Тогдашний император Иоанн Палеолог (между прочим, женатый на русской княжне, сестре Василия Темного) очень хорошо понимал, что единственной защитой для обреченной страны может стать Западная Европа, издавна противостоявшая мусульманской экспансии. Духовным вождем Западной Европы был римский папа, только он мог бы мобилизовать силы католического мира против османов.
От безысходности базилевс пошел на крайнюю меру: предложил понтифику объединение Западной и Восточной ветвей христианства, причем предполагалось, что православие признает верховенство папы.
Карамзин пишет: «Старец умный и честолюбивый, Евгений IV, сидел тогда на Апостольском престоле: он именем Св.

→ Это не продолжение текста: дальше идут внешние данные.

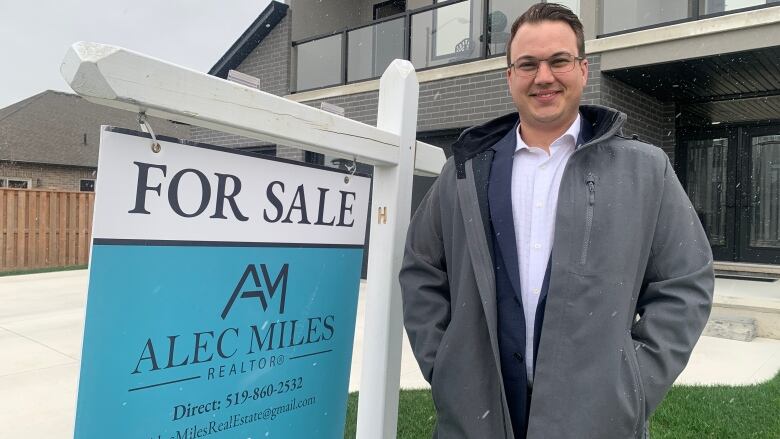 A man stands in front of a home for sale.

Петра обещал Императору Иоанну воздвигнуть всю Европу на Турков, если Греки мирно, беспристрастно рассмотрев догматы обеих Церквей, согласятся во мнениях с Латинскою, чтобы навеки успокоить совесть Христиан и быть единым стадом под началом единого Пастыря».

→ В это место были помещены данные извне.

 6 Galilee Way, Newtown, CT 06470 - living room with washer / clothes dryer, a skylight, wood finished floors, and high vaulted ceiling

Началась подготовка к объединительному съезду католических и православных архиереев, который должен был покончить с уже почти четырехвековым расколом.
В те времена всё происходило очень неспешно, особенно если речь шла об обсуждении церковных догматов. Представительный собор, открывший свои заседания в Ферраре и Флоренции, а затем переместившийся в Рим, продолжался с 1438 по 1443 год.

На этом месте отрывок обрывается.